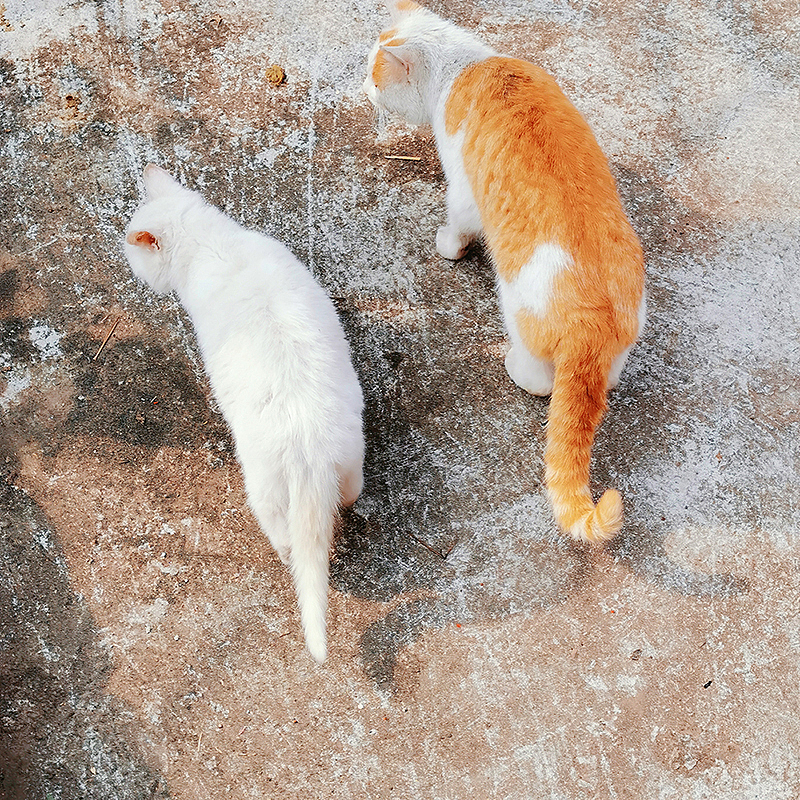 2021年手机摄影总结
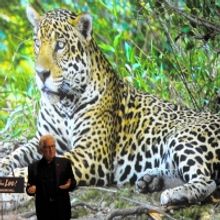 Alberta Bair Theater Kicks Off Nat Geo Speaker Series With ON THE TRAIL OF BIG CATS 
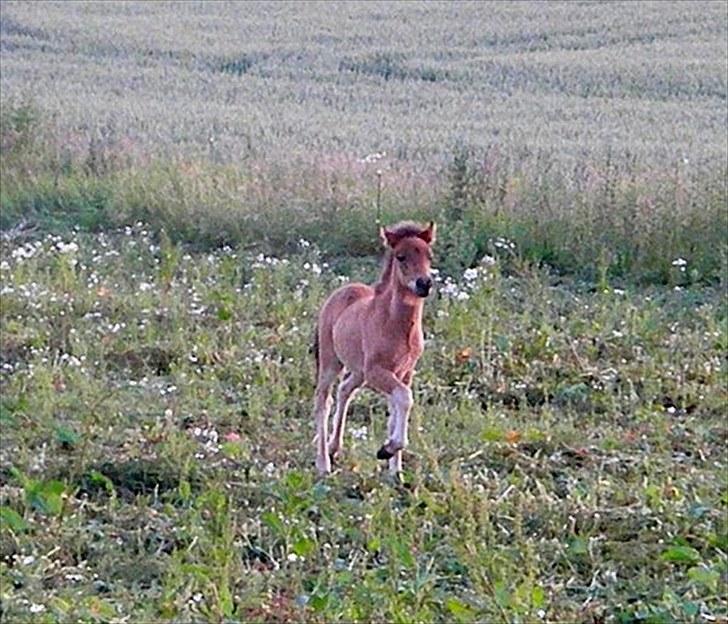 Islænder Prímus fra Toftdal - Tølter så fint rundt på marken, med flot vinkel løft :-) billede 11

--

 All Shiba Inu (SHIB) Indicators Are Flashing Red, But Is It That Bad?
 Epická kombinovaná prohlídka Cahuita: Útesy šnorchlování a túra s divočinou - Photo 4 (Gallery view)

• WHAT TO WORK ON
Taking the entries above, extract every line from the one bearing "2021年手机摄影总结" through the one bearing "Islænder Prímus fra", exactly, with no pictures.

• RESULT OF THE TASK
 2021年手机摄影总结
 Alberta Bair Theater Kicks Off Nat Geo Speaker Series With ON THE TRAIL OF BIG CATS 
 Islænder Prímus fra Toftdal - Tølter så fint rundt på marken, med flot vinkel løft :-) billede 11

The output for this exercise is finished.